The world says this life is labor, that I have to work my way toward anything my heart could ever desire. There's fault in that, simply in that what my heart needs, it may never comprehend enough to desire. That is, I can't even know what to desire, and that's where grace comes in. I could work my way toward the greatest things in the universe, toward the most intimate places of Creation, inch my way toward eternity...and never get close enough to even vaguely understand such things. But by grace, I am sucked in. I am drawn right toward these things by a powerful force. My movement is accelerated.
I'm getting there.
The world says there's a linear progression to everything, that things move along in a straight line. First yesterday, then today, and eventually tomorrow. First there, then here, then way beyond here. The past, then the present, then the future. First the beginning, then the middle, and then the end.
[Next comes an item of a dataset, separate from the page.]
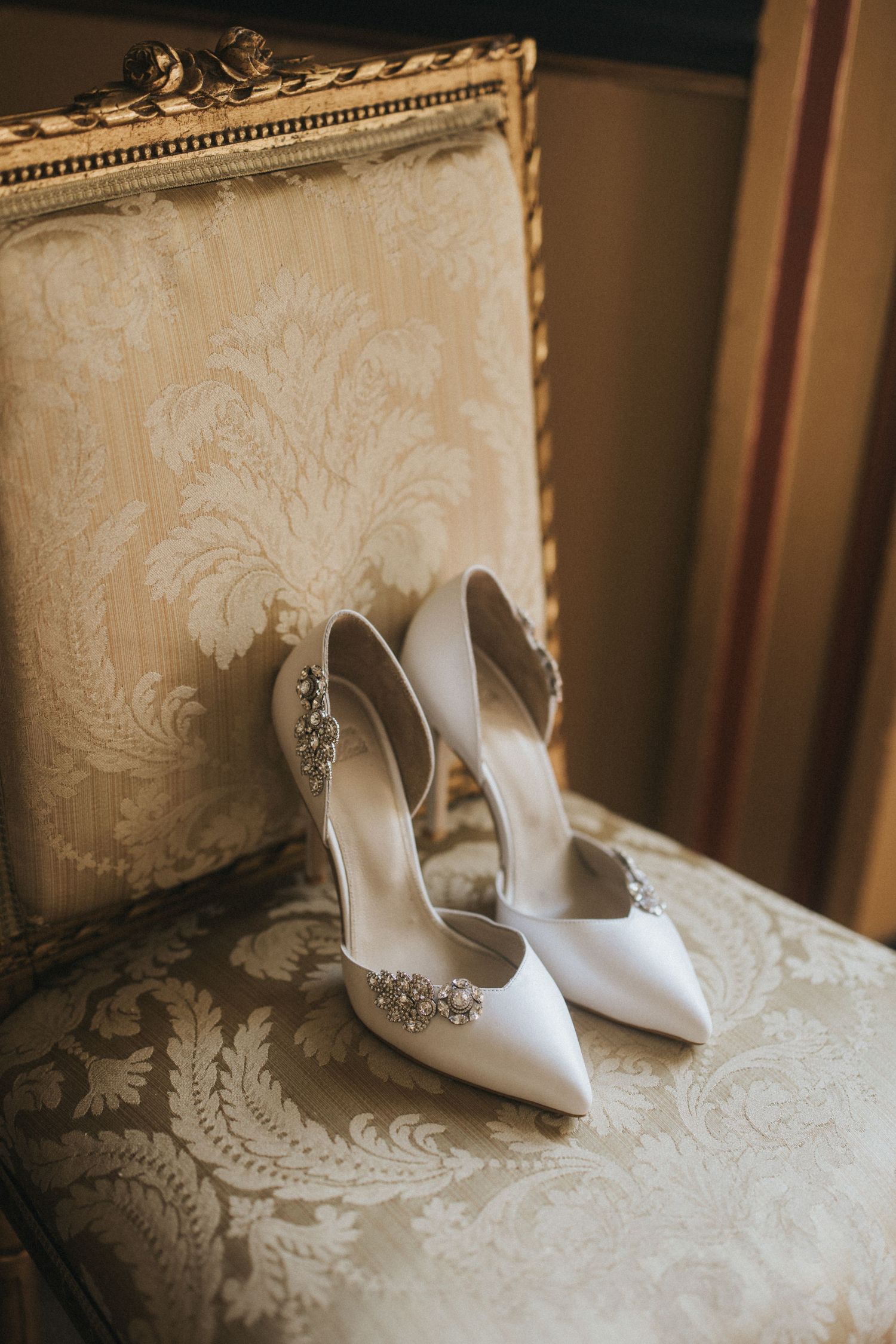 Elegant white bridal heels resting on an ornate lace textured surface in warm lighting - taken by Grimsby photographer.
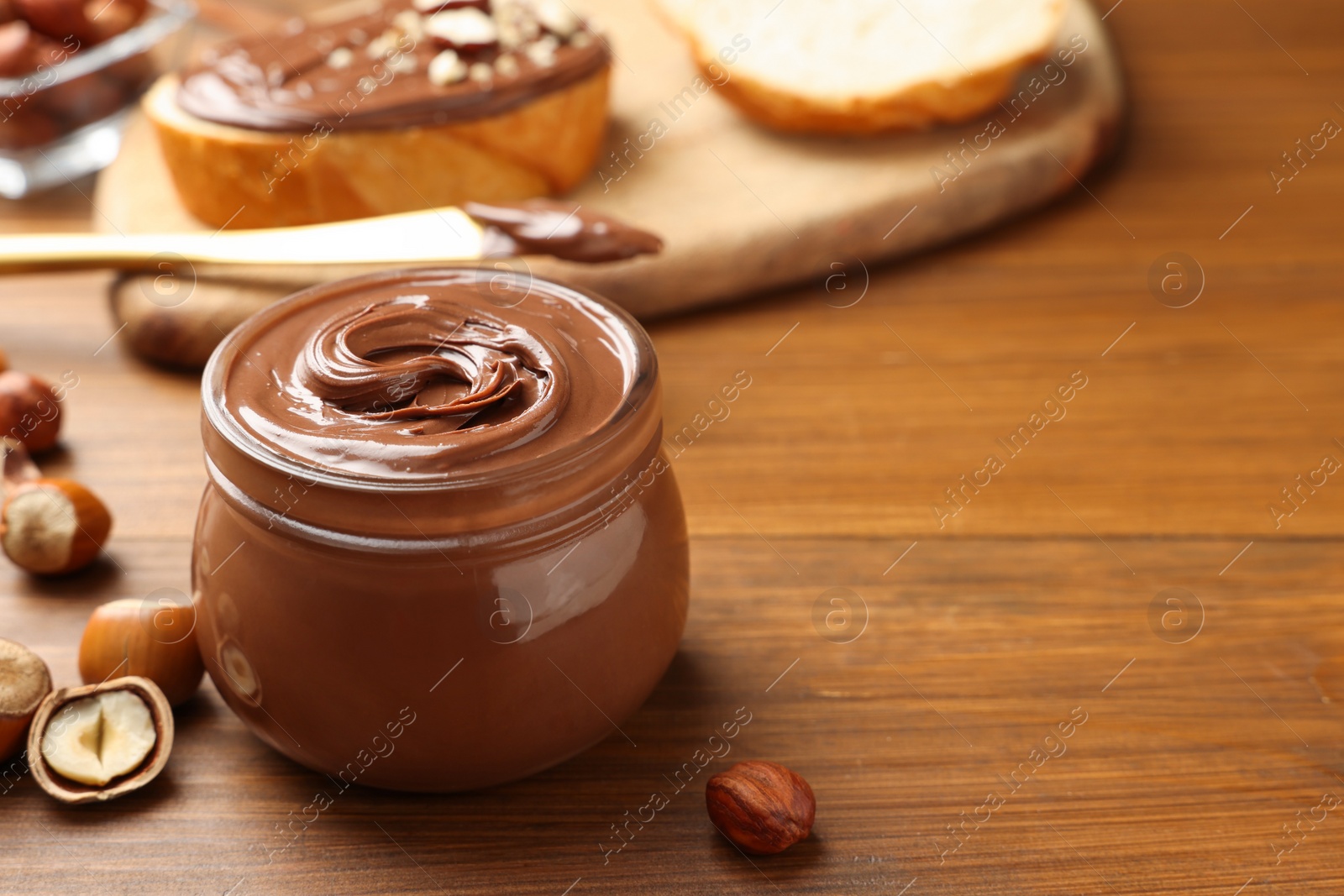Photo of Glass jar with tasty chocolate hazelnut spread and nuts on wooden table. Space for text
But grace says, "In the beginning..." In the beginning, He created the end. In the beginning, He ordained the middle. In the beginning was the first and the last. As grace draws us into that, it takes us back to the original Creation and into the promised Paradise at the same time. Grace pulls us from the middle and takes us to both the beginning and the end.
You can't do that without a grace hole somewhere in this universe.
No man has ever seen a wormhole. No one's discovered one, at least not that we know of. (In theory, I suppose, since it's all theory anyway, a man who discovered a wormhole could be sucked into it and disappear into the time-space continuum and thus, never be able to tell us about his wormhole.) No man knows whether this ripple in the universe actually exists or whether it's just fun to think about.
But I know about grace. It's absolutely real. And I know where the grace hole is, the place where all of this both begins and ends, the place where powerful forces begin to swirl, the place that takes us from here to there and covers the distance of space and time in an instant. Yes, I know where the grace hole is.
There are three of them: one in His right hand, one in His left, and one in His feet.